As I read through this part of Matthew this morning, and after listening to one of Billy Graham’s crusade sermons from many years ago, I began to meditate on the specifics of what I had gathered from the two. It was clear to me that a huge part of denying oneself is to deny the idolatry we so desperately tend to chase after.

‘Gaining the whole world’ is the driving force within the natural man. Is it not? We may not necessarily — literally — want to gain the whole world, but we do strive to gain what we want out of life. Whether that gain is of a simple factor, or a great gain of making a name or title of oneself. We want control.

Think about it. Most are constantly trying to gather the accomplishments to place under their belt of individuality. But, for what? Is it for the world to see — as we live in a world that is built upon competition? Is it to fill the empty place within us that we believe we can satisfy with that certain (insert your fill here)? Is it the satisfaction one can get by having more than the next, as the egoic mind takes the winning place among the players?

I believe it is all of the above.

I believe the pride we all possess is exactly what Jesus was telling the crowd to let go of as He spoke to them that day. He said that they must, “deny themselves”. As He said they must take up their cross (crucify the prideful flesh), and follow Him (look to THE TRUTH, which is Him: the embodiment of truth in all of heaven and earth), He soon followed up with the question:

What good is it for someone to gain the whole world, yet forfeit their soul?

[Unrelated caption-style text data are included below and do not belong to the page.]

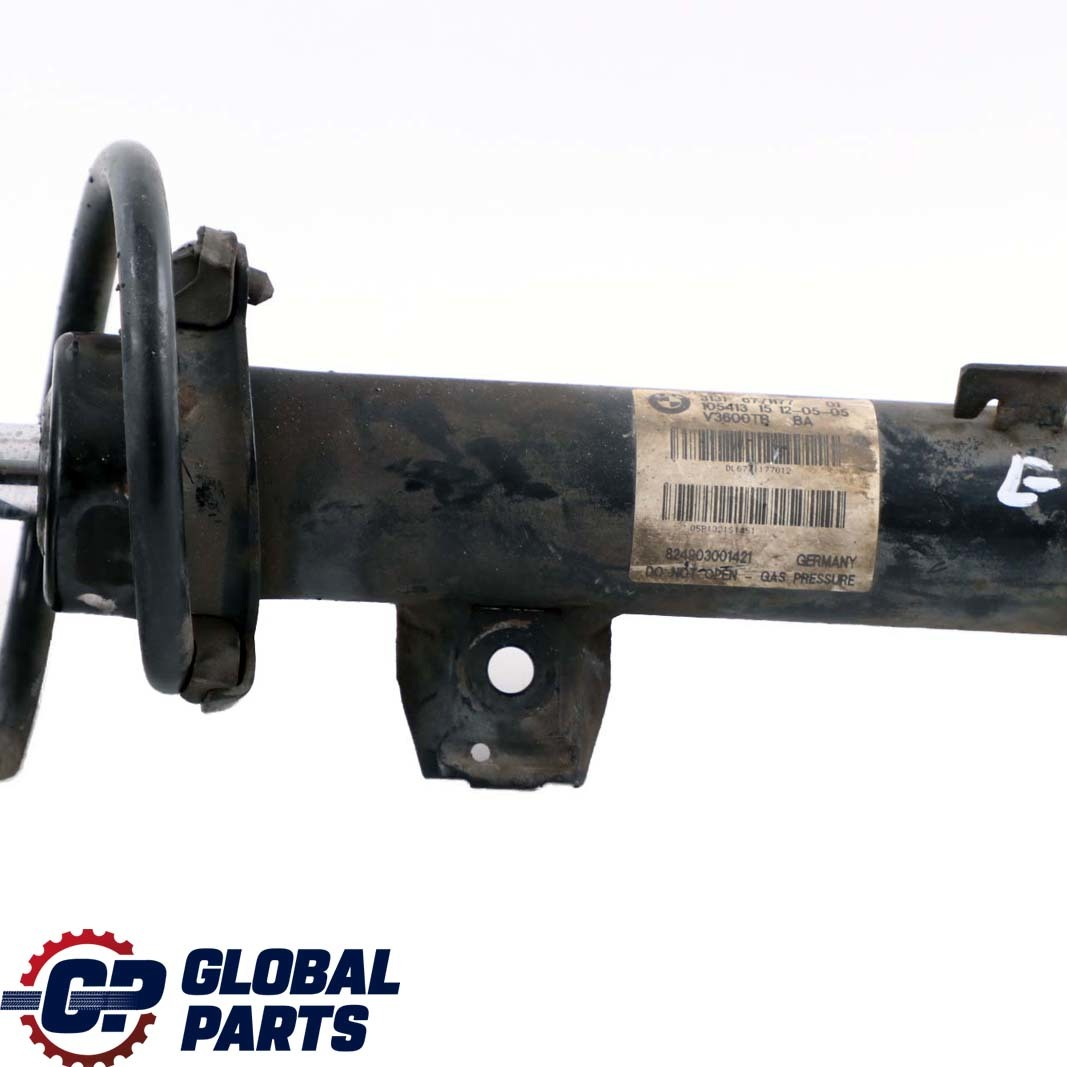Lot De 2 Ressorts Suspension Arrière Gauche Droit - Compatible BMW Série 3 E90 E92 - Remplace 33536767337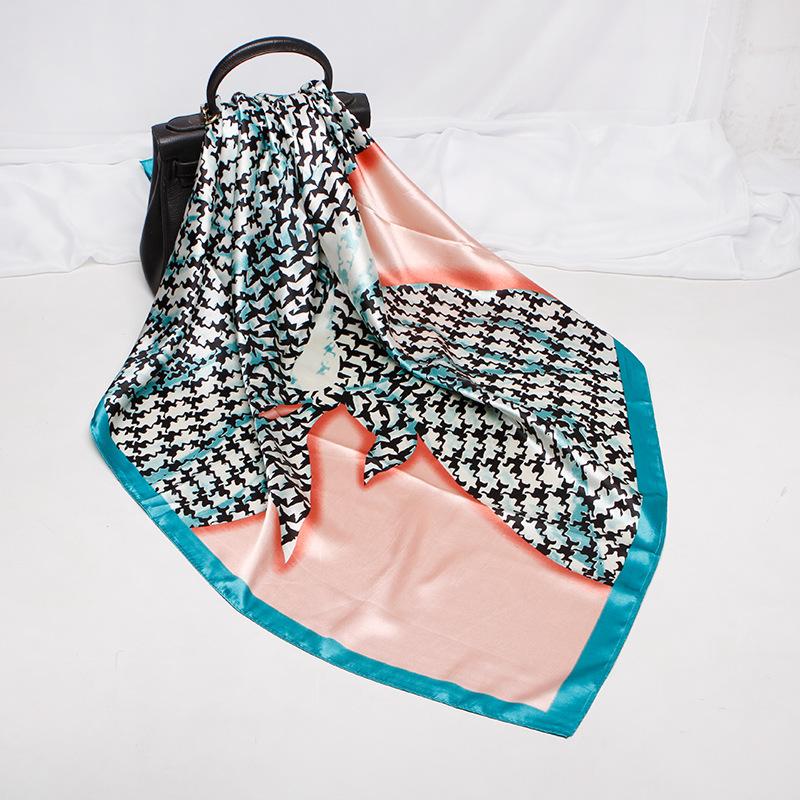 Scarves Scarf 100% Silk Feeling Wraps Headscarf Female Bufanda Mujer Echarpes Coverups Hijabs Bufand De Seda Foulard En Soie Solar PlayaScar
Scarves Scarf 100% Silk Feeling Wraps Headscarf Female Bufanda Mujer Echarpes Coverups Hijabs Bufand De Seda Foulard En Soie Solar PlayaScar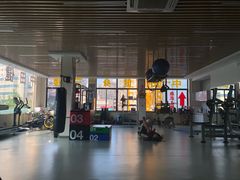 -中田健身工作室(胜利门店)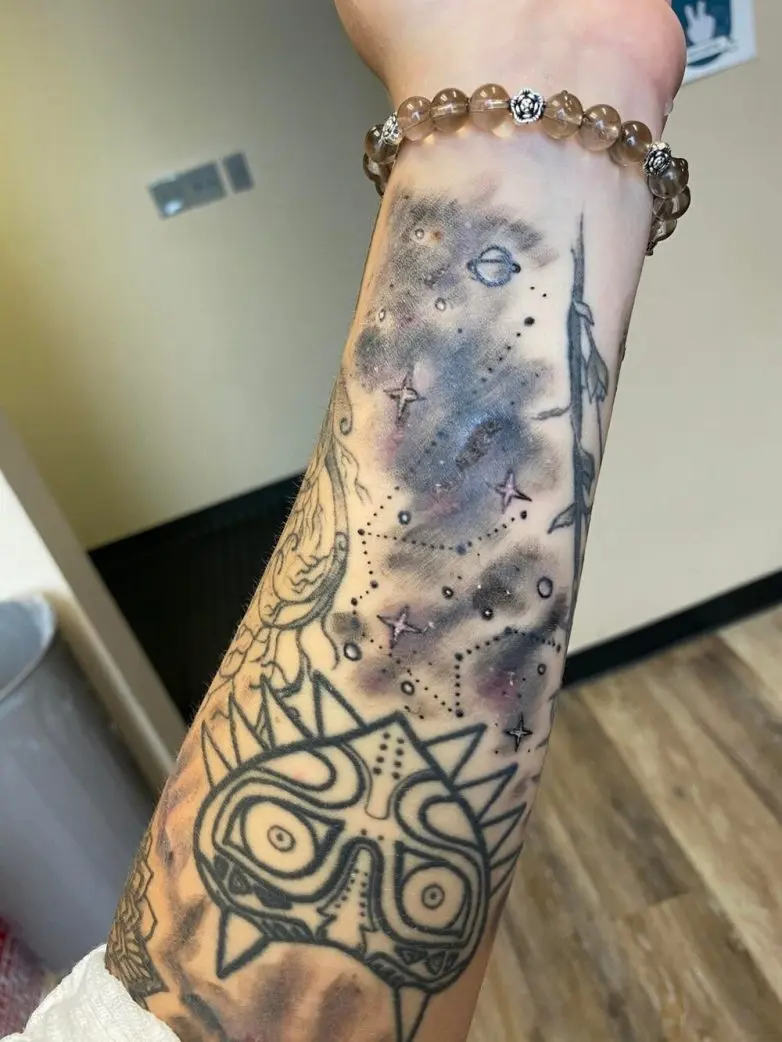 Тату-катастрофы: Когда вдохновение обернулось провалом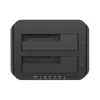 Dock Station Unitek USB3.0 to SATA3 HDD/SSD Dual Bay Docking Station Y-3032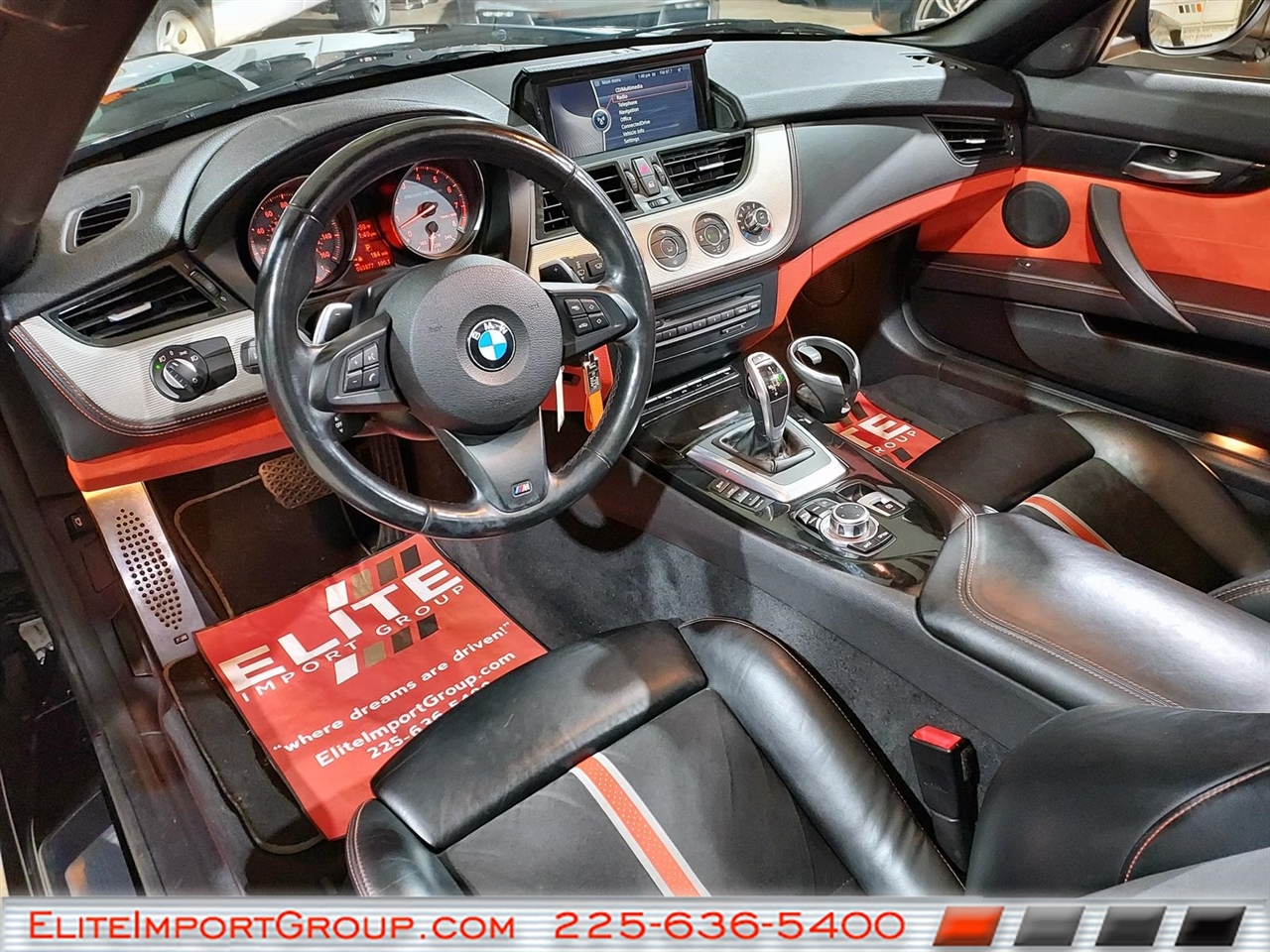 BMW Z4 2dr Roadster sDrive35is 2016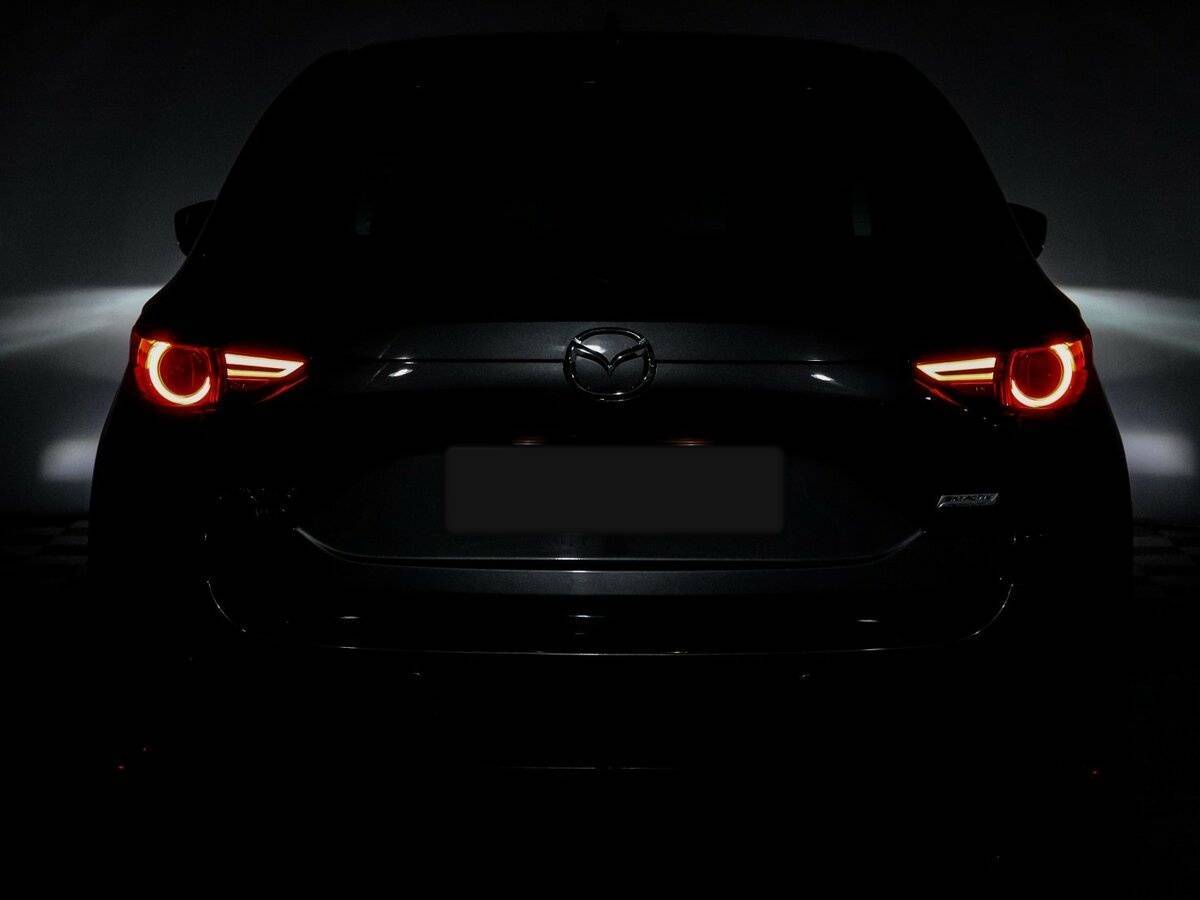 Mazda CX-5, 2017 Фото №25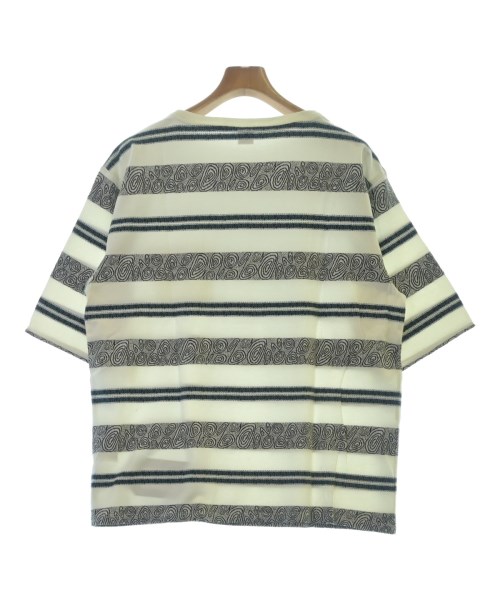 The DUFFER N NEPHEWS（ザダファーアンドネフューズ）Tシャツ・カットソー 白 サイズ:S メンズ/2200605926844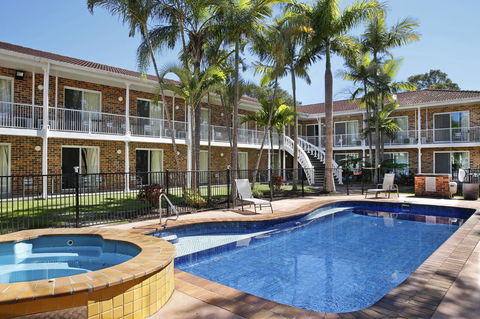 Aston Motel Yamba - Accommodation Georgetown 5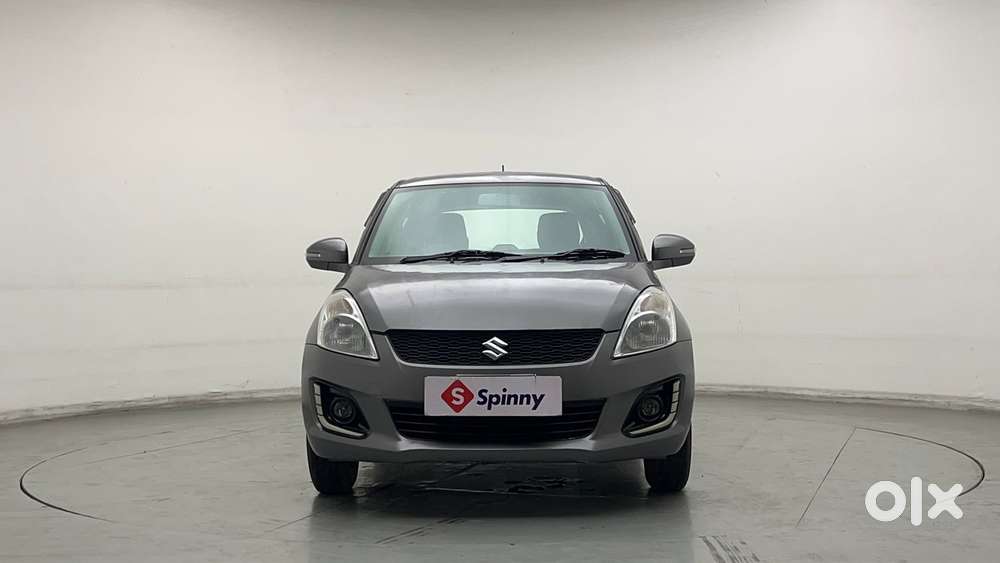 Maruti Suzuki Swift Vvt Vxi, 2016, Petrol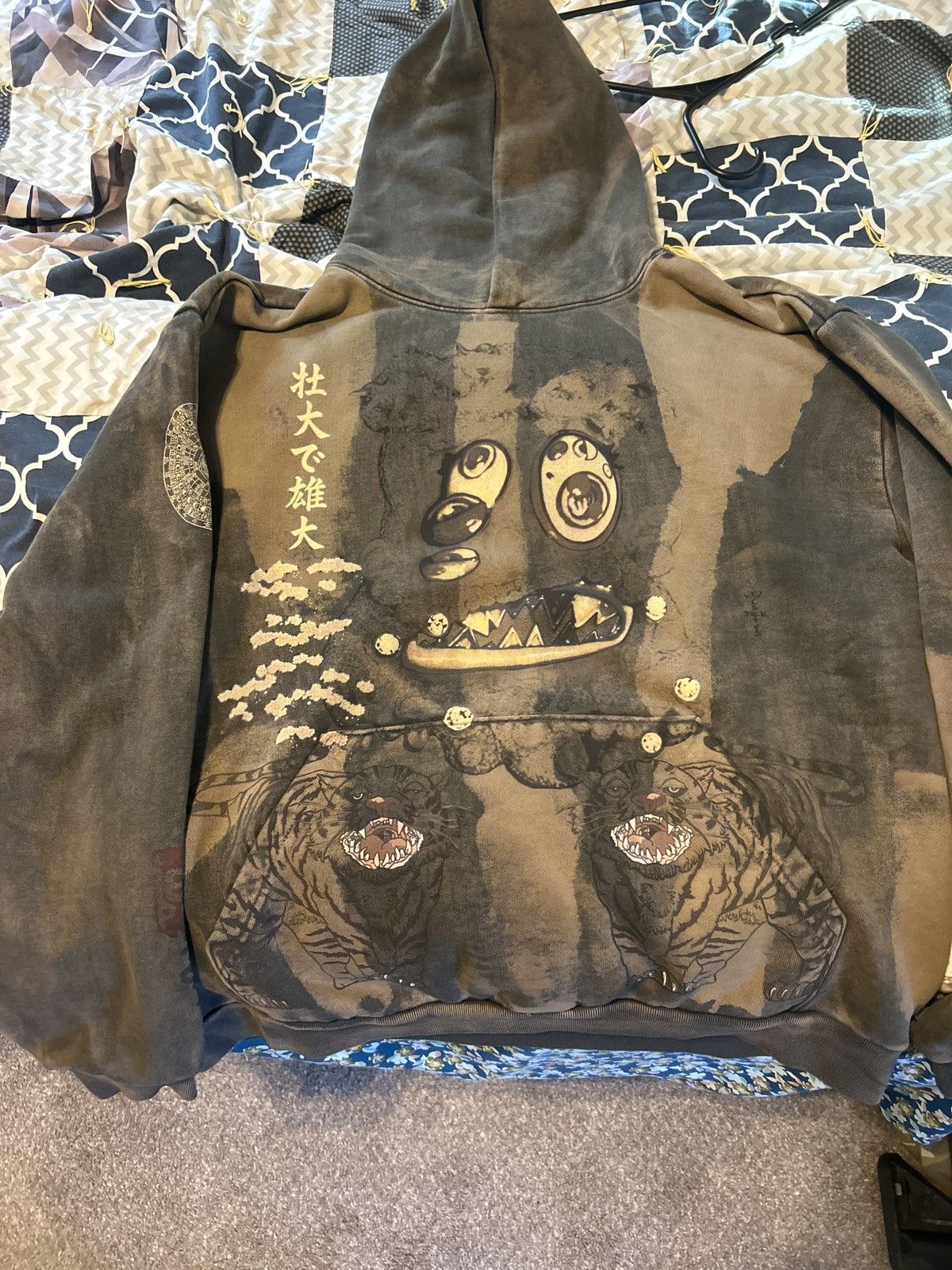Travis Scott Brand new Size US L / EU 52-54 / 3 - 3 Thumbnail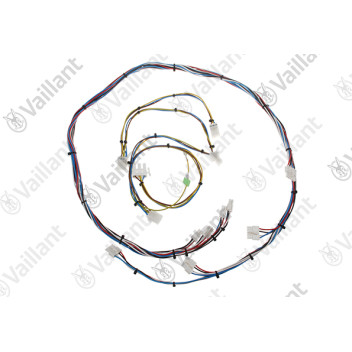 Vaillant - Cable Tree, (Fan X11 - X14) 160 Kw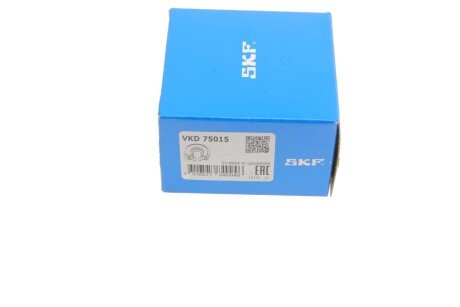 Підшипник опорний skf VKD 75015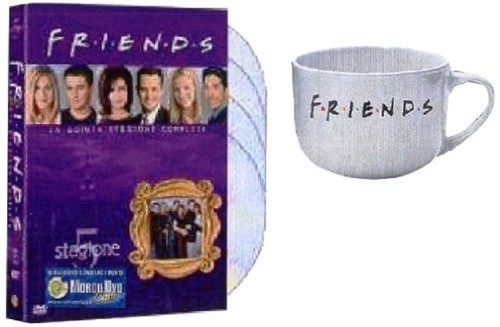 Friends stagione - stagione, 5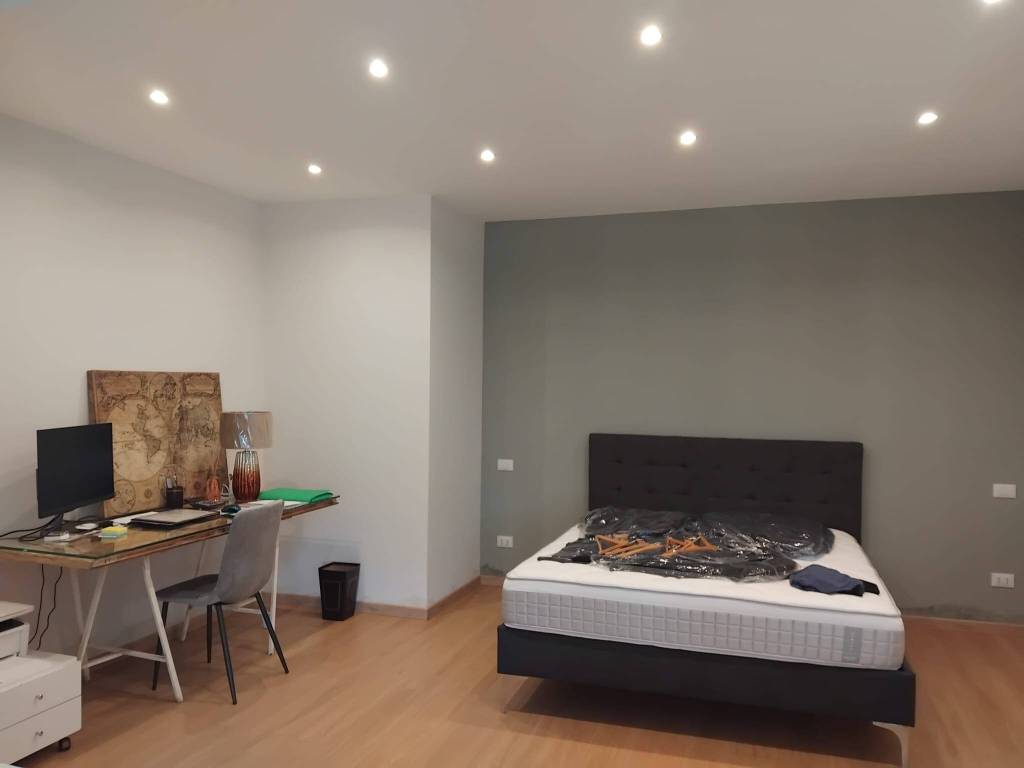 appartamento in vendita a Genova in zona Sampierdarena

This is the rhetorical question I have been pondering this morning.

When we gain: The riches, the titles, the materials, the achievements, the hundreds, or thousands, or even millions of gains within this world (outside of His eternal world and the world we inherit in Him within this fallen world), are we remembering where these things have come from? I heard the famous Samuel L. Jackson say something along the lines of his accomplishments not coming from a God, but rather, them coming from his hard work. This example is the epitome of the type of pride, and in my view this morning, idolatry, Jesus was speaking of.

For whoever wants to save their life will lose it, but whoever loses their life for me and for the gospel will save it.

I think the man or woman without Jesus is very blind. I believe they wholeheartedly believe that everything comes directly from their achievements, and God has absolutely nothing to do with it. They don’t see the gifts that He has provided — beginning with the gift of life they have been granted, all the way down to the opportunity of eternal life through Christ when they have run the course. They think they are dead when they are dead, and everything is just a gain or loss while experiencing the way they perceive the thing called life. They reject the words, “For whoever wants to save their life will lose it, but whoever loses their life for me and for the gospel will save it.” They reject God. They continue to lose — everything is considered a loss in one fashion or another, simply because they didn’t win. Nothing is ever satisfying outside of that win or gain, and the pat on the back becomes the only God they need.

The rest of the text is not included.